Friday, April 16, 2010
re-framing the prodigal in regard to fresh expressions and established church
Ben Edson has re-written the parable of the Prodigal son/Waiting Father/Faithful son/absent prodigal daughter (choose your title with care, because each character opens up a different interpretive lens).
There was a mother who had two sons. The youngest one said to his mother, mother thanks for the years that you’ve looked after me, thanks for all that you’ve give me, but I think that you’ve got it wrong. I’m going to take all that I have inherited from you and go off to country foreign to you and experiment.
After being away for sometime the younger son started to recognise that he had been foolish and needed the love and support of the mother. He decided to go home back to the mother. He would say to her: I am sorry that I left you, your resources are so diverse, I miss you and I want to be part of your family.
The first part is here. The conclusion, offering 3 alternative endings
- the institutional church’s slow grinding to death of innovation
- the arrogance of fresh expressions
- an embrace between margin and centre
is here. It’s a wonderful example of re-framing and re-creating, and a fascinating use of Scripture.
Initially I loved it, the creativity, the multiplicity of endings. But now I’m not at all sure. When I have the words to name my unease, I’ll try to complete this post by explaining why …
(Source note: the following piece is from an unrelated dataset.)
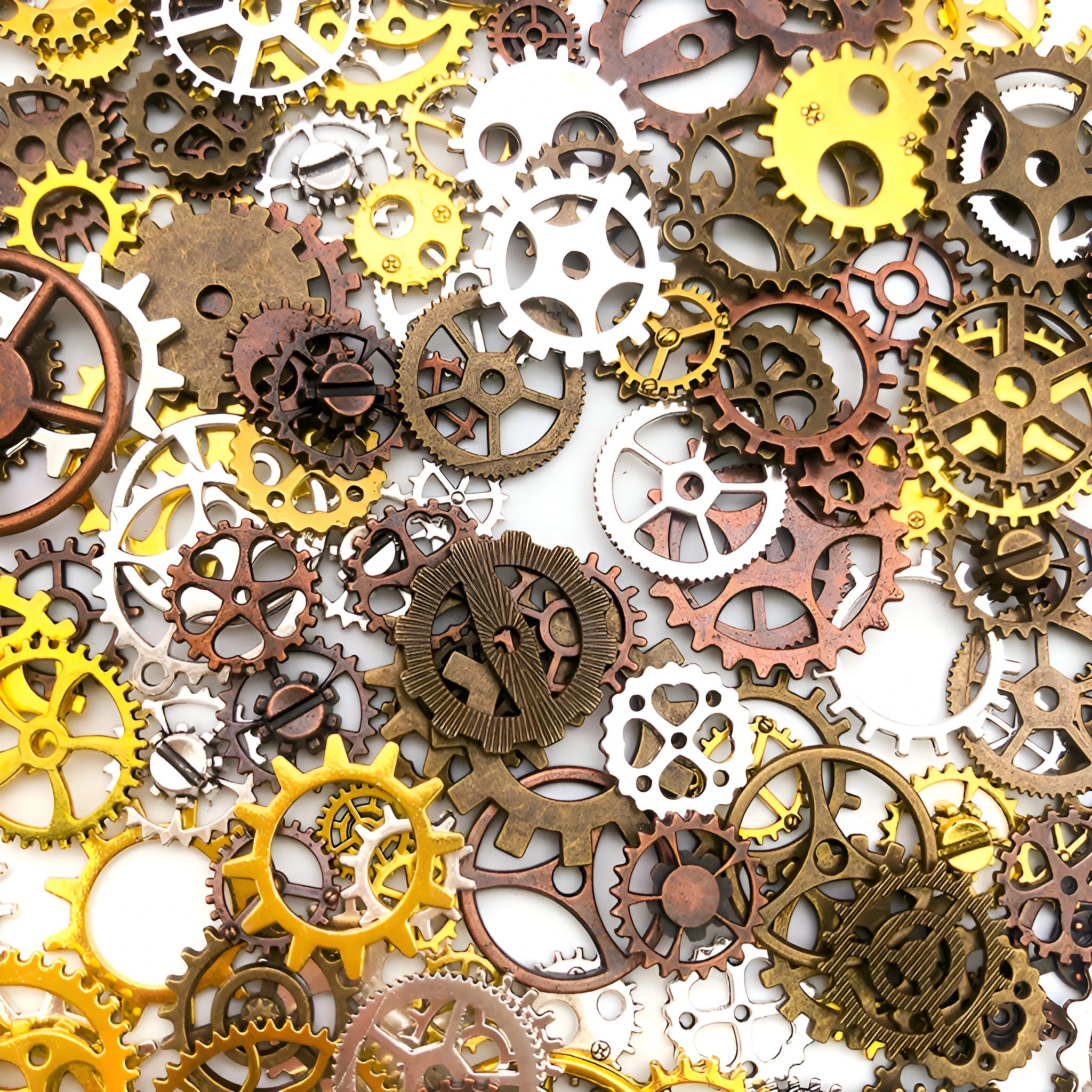 About 30/50g Random Mix Color Mix Size Metal Mechanical Steampunk Cogs Gears Charms Pendant For DIY Jewelry Making Accessories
At 11:31 am: I think it’s to do with the framing of home, which in the parable is static and stable. It seems in contrast to the church as pilgrim, following a pilgrim God. I would rather that no-one, neither fresh expression nor established, felt a need to remain connected to a historic static, stable home.
This has bugged me in relation to all the Parables in Luke 15. In the parable of the lost sheep, the shepherd brings the sheep home. I reckon that churches then hear that as the pastor does the mission, goes looking for the lost, and when they are successful, bring it back to the (attractional) church, who have been waiting. Mission is not for the whole people of God, but for the shepherd. Church is static, stable, waiting. (To make this point, see my re-missionalising of the parable of the lost sheep here.)
It seems too easy, in Ben’s creative re-reading, for church to be seen not as among the pig scraps, but as part of the institution, waiting for the fresh expression. Church is a static, waiting home.
At 1:56 pm. At the same time, there’s something in the fact that we live in post-Christendom times in the West. Whether we like it or not, the Christian story is polluted by the actions of history. We are not in brand new mission terrain where the local folk are hearing the story for the first time. So the younger son needs to stop dreaming of “fresh”, and focus on home, which is polluted and muddied. So in that sense Ben’s use of the parable has real strength.
Yes Steve, I agree. When the son regrets his decision he returns to a home that is far from perfect: broken, but loving father, jealous & angry brother, servants watching from the edges. The parable with its open ending suggests more healing, forgiving and home making to be done. Church, far from perfect, but broken people on a journey. ‘The Parable of the broken home’ – no neat answers or familial bliss.
Comment by Chris McLeod — April 16, 2010 @ 1:21 pm
or are we reading too much into the parables, which are about God’s love for people, not one expression of church or another?
and in response to Chris’s comment – it takes a lot of imagination to extend the story to assume that the child returns from the journey and implements the learning by helping the home to become vital and alive once more, which would be the hope of the fresh expressions churches — but then again, you’d want the home to be alive enough to actually give life to the fresh expressions – i return to my original thought that the parable has been taken too far here …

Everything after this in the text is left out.